This week has witnessed two events of supreme importance for Israel's future. First, Barack Obama was sworn in as US president. Second, Israelis went to the polls. And Benjamin Netanyahu is set to head a new coalition government.
So, in one sense, it is "business as usual". Obama remains in the White House; Bibi remains Israel's prime minister. The two know each other well, or at least as well as two international leaders of fundamentally different outlooks can ever do. But the signs are that, so far as the dynamics of Israel's relationship with the US is concerned, the next four years may not resemble the previous four at all.
Obama is in his second, final term. He faces no re-election hurdle. Whatever restraining factors might have modified his behaviour towards Israel over the past four years will not apply in future. He is, therefore, much freer to pursue now the strategy that he probably wished to pursue in the past, but felt he could not.
The key features of this strategy are likely to include: forcing the Jewish state to abandon plans for the expansion of Jewish communities in Judea and Samaria; extracting from the Israeli government a promise to evacuate most - if not all - of these existing communities; and cajoling or compelling Israel to reverse its annexation of east Jerusalem so that it may be offered to the Palestinian Authority as the capital of a Palestinian state. It is also likely that Obama will demand Israel lifts its blockade of Gaza, or even that he'll insist on Israel ceding a corridor across its own territory linking Gaza to the West Bank.
Having extracted these concessions, Obama will confront the Palestinian leadership with them, and demand in return that this leadership recognise Israel (more or less within its 1967 borders) as a Jewish state and acquiesce in (if not accept) the legitimacy of its re-establishment.
There will be no general "right of return" for Palestinians who claim their ancestors were displaced but there may be a token relocation of a few hundred families. Once all the details have been worked out, Obama will prevail upon the two sides to meet under his beneficent patronage and sign a solemn-and-binding covenant, thus bringing what the media term "the Middle East conflict" to an end.
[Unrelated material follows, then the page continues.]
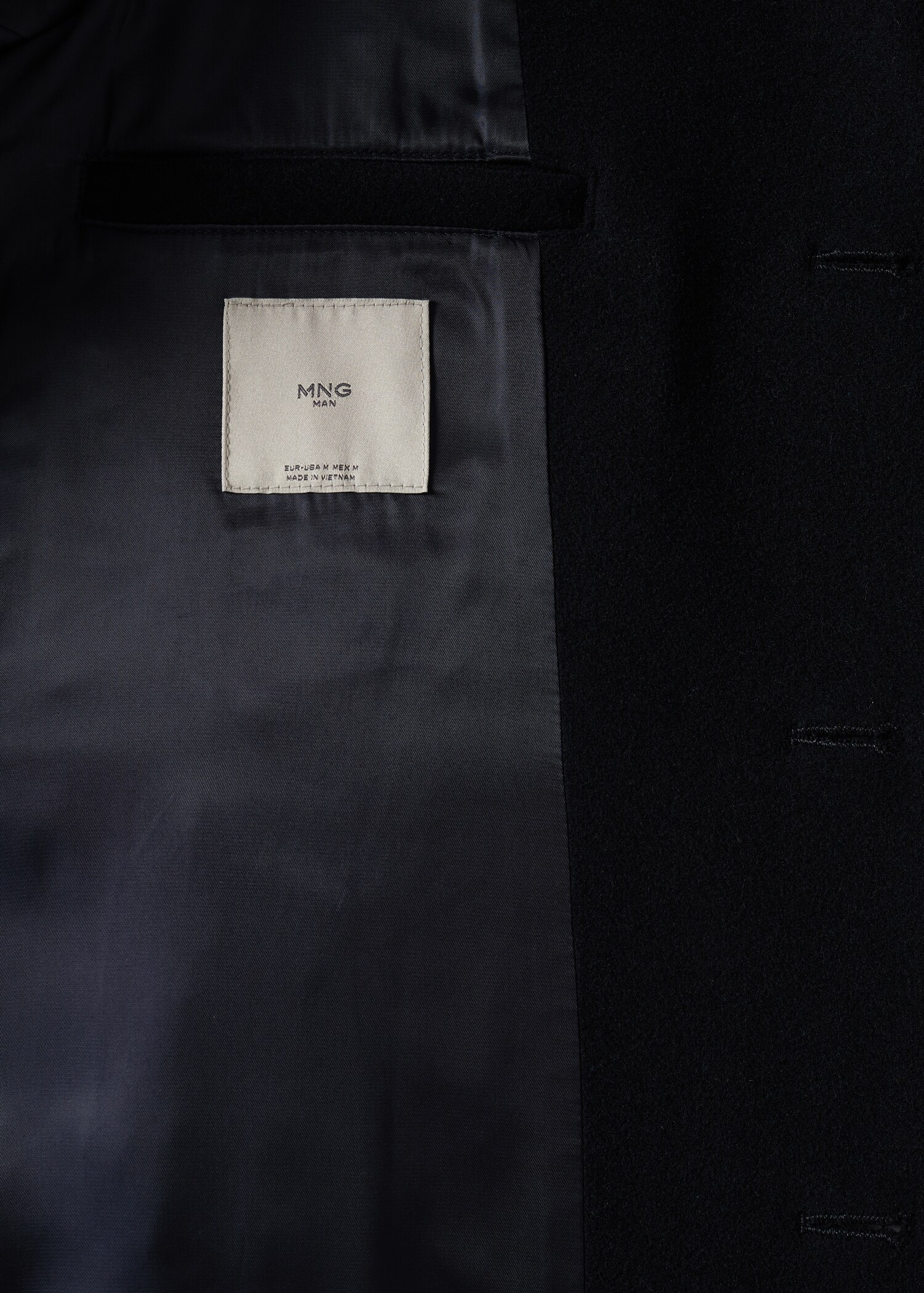 Recycled woolen coat - Details of the article 8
Outlining this scenario to an American colleague, I was told that I had allowed my imagination to run wild. Obama (I was told) has certainly made no secret of his intense irritation with Bibi and Bibi's sponsorship of Jewish community development in Judea and Samaria. But, for example, he has said nothing dramatic about the status of east Jerusalem. This is true. Yet it's also true that fierce statements about east Jerusalem have emanated from the EU, and, in particular, from the British Foreign Office and its chief Middle East spokesperson, Alistair "friend of Israel" Burt. Burt shares with Obama the view that the Anglo-American alliance knows what is in Israel's best interest. I find it inconceivable that Burt would publicly insist that it is in Israel's best interest that Jerusalem should be re-partitioned unless he was certain of Obama's support.
What is Israel to do? Whatever political configuration finally results from the Israeli elections (and in spite of some clumsy attempts by White-House apparatchiks to influence their outcome) Netanyahu is likely to have a clear mandate to defend the reunification of Jerusalem and the rights of Jews living in Judea and Samaria. So the relationship between Jerusalem and Washington could become very sour indeed, even openly confrontational. But there is one step that Netanyahu could take to redefine this partnership. He could make an early public commitment to phase out Israel's reliance on the $3 billion worth of aid (all of it military) it receives annually from the American taxpayer.
As Canadian scholar Lawrence Solomon recently argued, Israel, a highly industrialised state with the best performing economy in the developed world, can now do without US aid: "a freed Israeli military economy, the single biggest factor in Israel's phenomenal economic growth, would only propel its economy to new heights." The sooner this is made clear to Washington (and London, and Brussels), the better for all concerned.